Comment by Lisa Davy on May 18, 2015 at 3:34pm

Thank you!  Yes, you got it exactly right.  and that is exactly what I have done, phew!  But now I have a lot of ends!  How short can they be cut? Currently they are all 2-3 inches long.  I know I am looking at the back but this is lace so you will see some through it.  and it makes it lumpy too.

I will take pics tonight when I am home.



Comment by Lorelei Halley Administrator on May 17, 2015 at 4:24pm

If I understand what you are saying,



\uap>I would sew the bobbins into the loops on your horizontal section, then knot the pairs.


\uap>If you could take a picture of what you have and make it a jpg file, post it here.
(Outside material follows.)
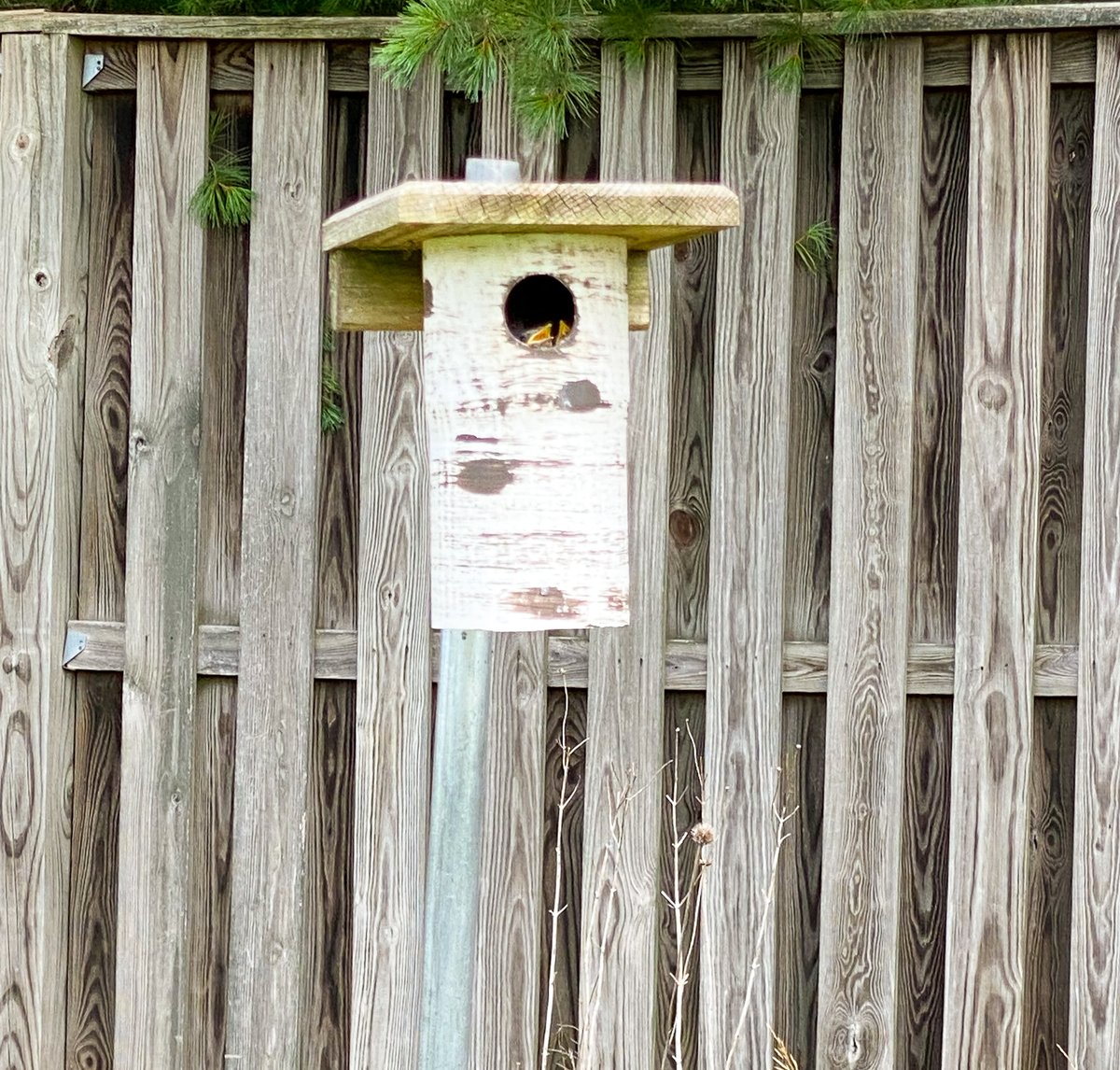 Tweet by Barnesville School of Arts & Sciences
Then we would have a better understanding of the problem.

Comment by Lisa Davy on May 11, 2015 at 2:55pm

I have a question I hope someone can help me with.  I have done a bunch of vertical rows of lace that are all attached to eachother and at the bottom, the bobbins are still attached.  Each vertical section has about 5-6 pairs of bobbins, but now I am doing a horizontal row and i want to connect it to these raw ends.  How would I do that?  I know how tto do regular sewings...Should I just tie knots and end all of the vertical rows and then sew into those?

Thank you!


Comment by Nancy M. Terselic on May 1, 2015 at 1:21am

So I tried working those corners with the Cluny method you described (no pin, just lots and lots of tensioning) but it was still not coming out the way I wanted.   The 3rd pair's double twists were getting lost in the center of the crossing, and the end crossing was not sitting up where I needed it to.  Then I decided to take the single pair coming in from outside, and instead of crossing both threads together between the plait pairs, I did a whole stitch with it and each of the plait pairs as one thread.  Eureka!  The twists stayed where they needed to, the crossing was tight, and everyone was going where they were supposed to. 

Thanks for the help!   I needed another way of thinking about the crossing to find the way that worked, although I'll save that Cluny crossing idea for later.